Nanoparticle-mediated delivery of chemotherapy improves tumor targeting while minimizing toxicity. Doxorubicin (Dox) is a potent first-line therapy for bone metastasis, but it induces cardiotoxicity. Loading Dox into PLGA NPs decreases cardiotoxicity and improves drug pharmacokinetics, resulting in better response to therapy [118,119]. Doxorubicin loaded into Aln-conjugated PLGA NPs decreased the incidence of bone metastasis and the number of osteoclasts in the metastasis, while decreasing overall toxicity [120]. The tolerance of experimental animals to Dox was further improved by functionalizing pH-sensitive groups to NPs to induce Dox release in the acidic tumor microenvironment, thereby improving the specificity of targeting while decreasing toxicity [99]. Similarly, PLGA NPs successfully deliver paclitaxel (PTX) to bone metastases and preserve the bone [93,121]. In an intraosseous prostate-cancer model of bone metastasis, neutrally charged PLGA NPs loaded with PTX were successful in decreasing tumor growth and preventing bone loss [93]. These PTX-loaded NPs were well-tolerated, as injected mice did not lose weight compared to paclitaxel in cremophor [93]. In studies using Aln-conjugated N-(2-hydroxypropyl) methacrylamide (HPMA) copolymer to deliver PTX to treat bone metastases, tumor growth and microvessel density were significantly reduced compared to untargeted controls, without systemic toxicity. Critically, bone preservation was achieved by Aln-conjugated HPMA-mediated delivery of PTX [122,123].
The potential for NPs to provide combination drug therapy, such that multiple drugs that target different pathways in cancer progression are loaded into a single NP system, is appealing for the treatment of bone metastasis.
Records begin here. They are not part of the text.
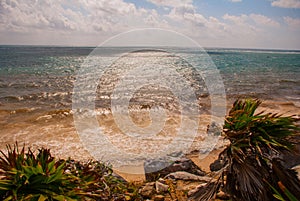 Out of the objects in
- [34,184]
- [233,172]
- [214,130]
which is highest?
[34,184]

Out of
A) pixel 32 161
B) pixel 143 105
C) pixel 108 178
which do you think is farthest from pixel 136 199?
pixel 143 105

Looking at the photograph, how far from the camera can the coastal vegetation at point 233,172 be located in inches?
125

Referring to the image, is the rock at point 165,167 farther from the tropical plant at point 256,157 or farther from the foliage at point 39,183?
the foliage at point 39,183

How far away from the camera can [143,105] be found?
16172 millimetres

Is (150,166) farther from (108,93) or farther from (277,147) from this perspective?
(108,93)

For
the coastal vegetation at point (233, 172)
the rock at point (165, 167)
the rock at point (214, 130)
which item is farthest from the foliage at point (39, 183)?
the rock at point (214, 130)

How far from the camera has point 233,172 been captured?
4059mm

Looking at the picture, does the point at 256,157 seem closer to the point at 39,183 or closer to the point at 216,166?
the point at 39,183

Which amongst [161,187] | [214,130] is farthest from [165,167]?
[214,130]

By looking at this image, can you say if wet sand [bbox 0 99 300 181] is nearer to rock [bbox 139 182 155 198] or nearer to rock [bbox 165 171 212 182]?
rock [bbox 165 171 212 182]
For example, codelivery of curcumin (an inhibitor of osteoclasts) and bortezomib (a protease inhibitor) by PLGA NPs inhibited the progression of bone metastases and protected against bone loss due to osteoclast activity [96]. In this study, dual curcumin and bortezomib-loaded NPs were more effective at inhibiting tumor growth and osteolysis than NPs loaded with either drug alone [96]. Another excellent application of combination therapy is the codelivery of Silibinin, an inhibitor of EMT, and α-tocopherol, an antioxidant, in solid lipid NPs to decrease the incidence of bone metastasis [124].
Inorganic NPs have also been employed to deliver chemotherapeutics to bone metastases with the goal of decreasing osteoclast function. Inorganic mesoporous silica NPs targeted to the bone with Zol efficiently deliver plumbagin, a natural compound that targets the JNK/ERK pathway, to decrease cancer-mediated osteoclast formation, and hence reduce bone loss [125]. To improve site-specific drug release and decrease toxicity, the mesoporous silica NPs were further modified to be pH-sensitive to release plumbagin only in the acidic tumor microenvironment [98].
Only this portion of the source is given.